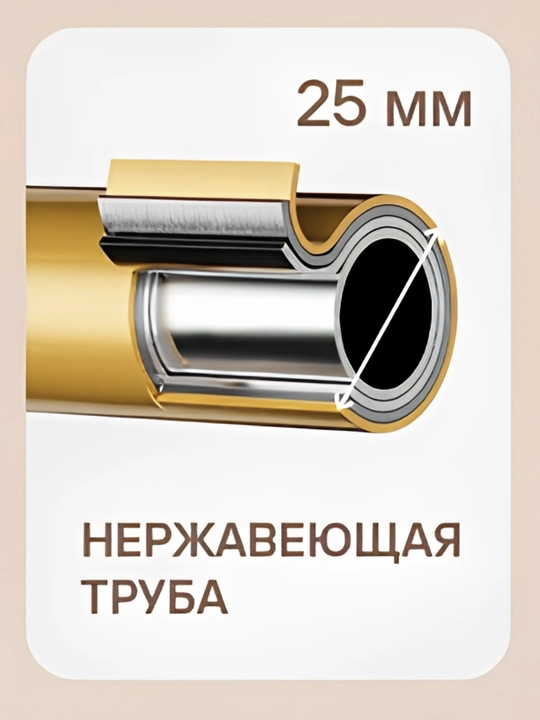 Вешалка напольная для одежды металлическая, обувница, подставка для обуви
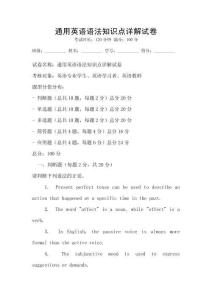 通用英語語法知識點詳解試卷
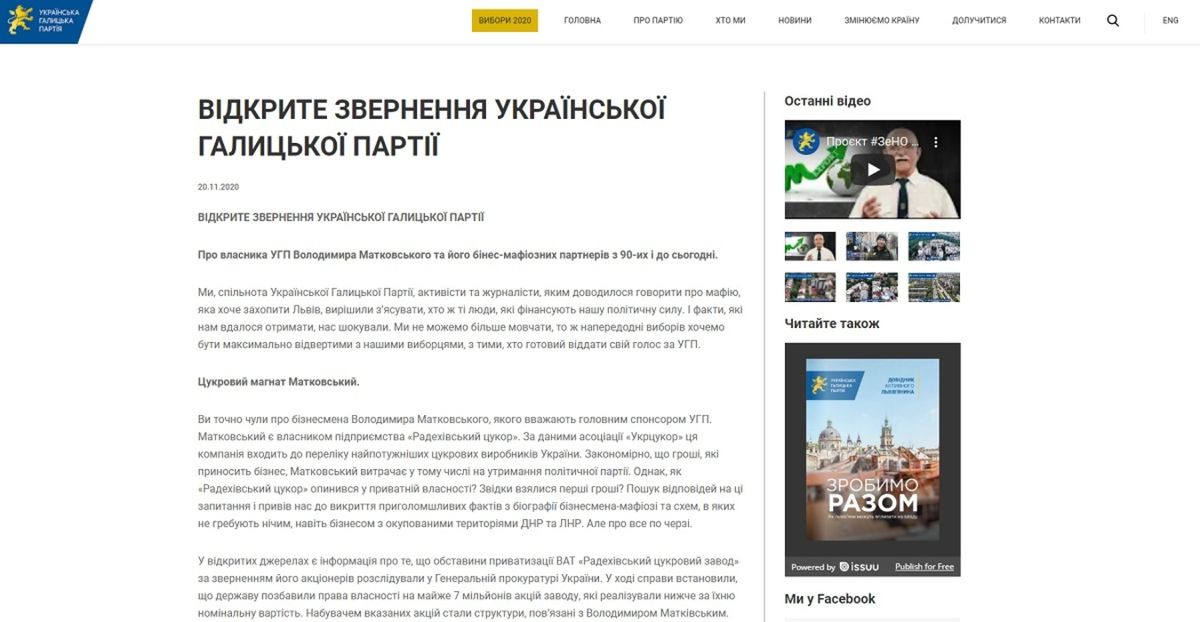 УГП звинуватила «Європейську солідарність» у кібератаці на сайт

—————

- _AIM OF THE EXERCISE_: Set down the material above exactly as it reads, but not its pictures.

- _FINISHED TASK_:
 Вешалка напольная для одежды металлическая, обувница, подставка для обуви
 通用英語語法知識點詳解試卷
 УГП звинуватила «Європейську солідарність» у кібератаці на сайт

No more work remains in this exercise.